Nulla mi costringe a parlare di te nel buio, eppure vi ricorro come fosse il mio sentiero di vita; sono preso per mano dal vespro appena calato nell'intensità della nebbia che vai disseminando.
I gigli rivelano purezza negli occhi, le farfalle arenano voli nel miele, un brillio fecondo di raggi è nei petali e si sospende nell'aria il calice ai tuoi baci.
Arduo il mio sonno che non s'allevia dei lacci legati al deserto dell'insonnia; lenta su di me s'accompagna la tua veglia col fascino delle ali mentre m'attornia.
Il diadema ti costella la fronte di rare virtù tra cui la purezza ed io i tuoi fianchi li ho adornati di carezze per farti brillare di vita.
Su di te e la tua pelle ho eretto la mia fortezza, la sfida della duna che, nel riflesso, t'inargenta; quasi un maniero improvvisato nell'alone di luna.
Oh Igea, mia dolcissima dea, che nel tuo sguardo perenne mi risvegliai e attraverso te accarezzai il mio mondo di luce nuova.
In seguito mi prendesti in custodia nell'anima che non seppe più d'allora abbandonarmi.

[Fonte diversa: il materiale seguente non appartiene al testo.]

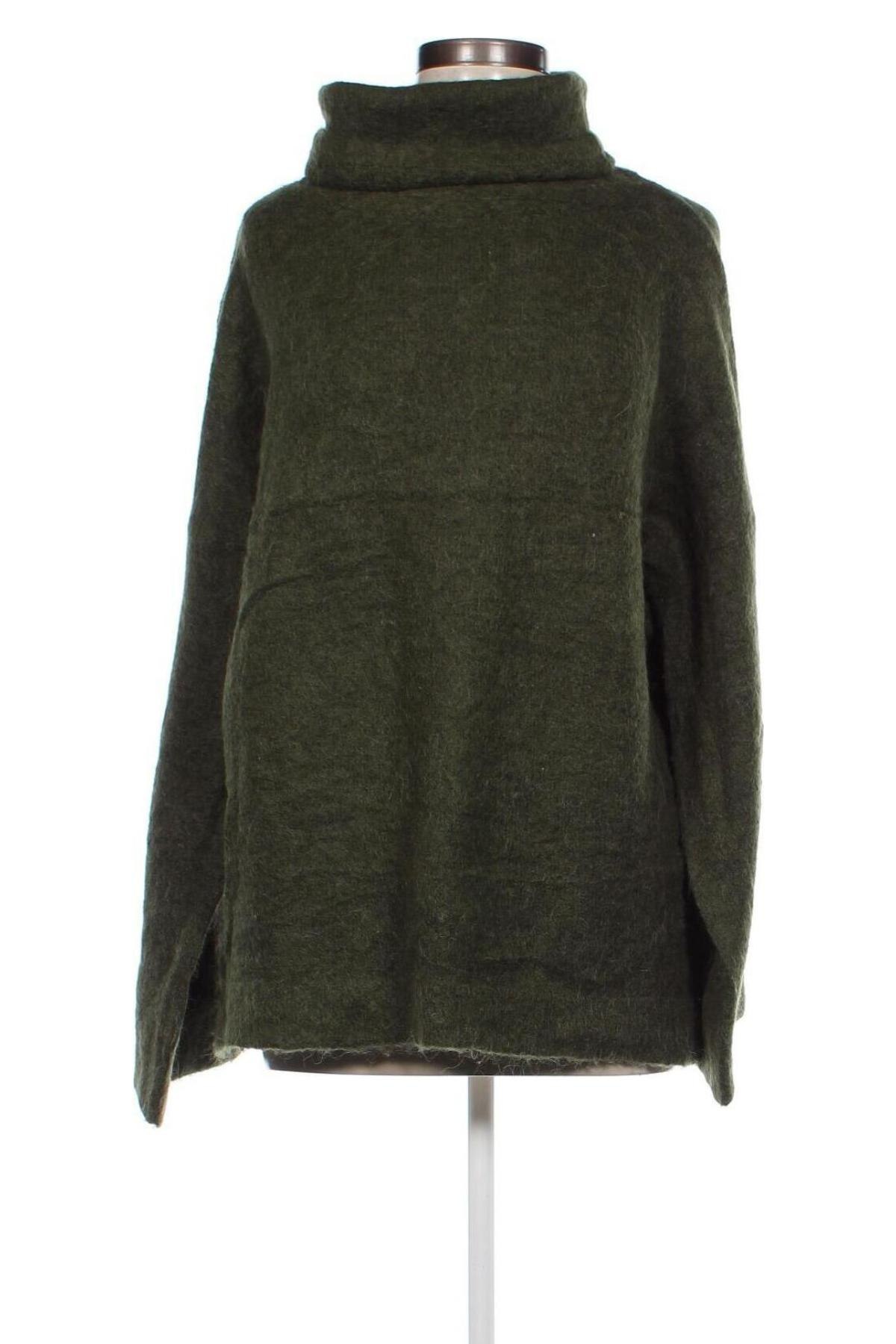 Damenpullover KappAhl, Größe L, Farbe Grün, Preis 23,99 €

Sostienimi col calice delle tue labbra berrò di te la linfa per far di me oblio; i tuoi suggelli sono come i miei fiori freschi colti alla penombra dell'inebriante malvasia.
È un'ora in cui sento di più il tuo abbraccio o giorno lungo che ti arrendi al tramonto, oh campanula chiusa nelle ciglia inebriate del tuo nettare.
Il mare ha compiuto il gioco delle danze frangendosi contro le mie ciglia di pianto.
Mi guardo allo specchio e mi cerco nella trasparenza della tua anima; della mia inconsistenza ho lasciato traccia nella tua velina.
Quello che scrivo riguarda un istante vissuto di te ingigantito nell'infinito girotondo dell'universo.
Quando mi giunge addosso il tuo respiro fermo il mio per sentirmi interamente estasiato.
Col tuo nome fra le labbra è nata la stella d'oriente che a me si è condotta al richiamo del cuore.
Se sto per raggiungerti è perché la galleria si assottiglia nel buio a irradiarsi di sole.
Posso restare con me stesso ora che di te ho eterna compagnia.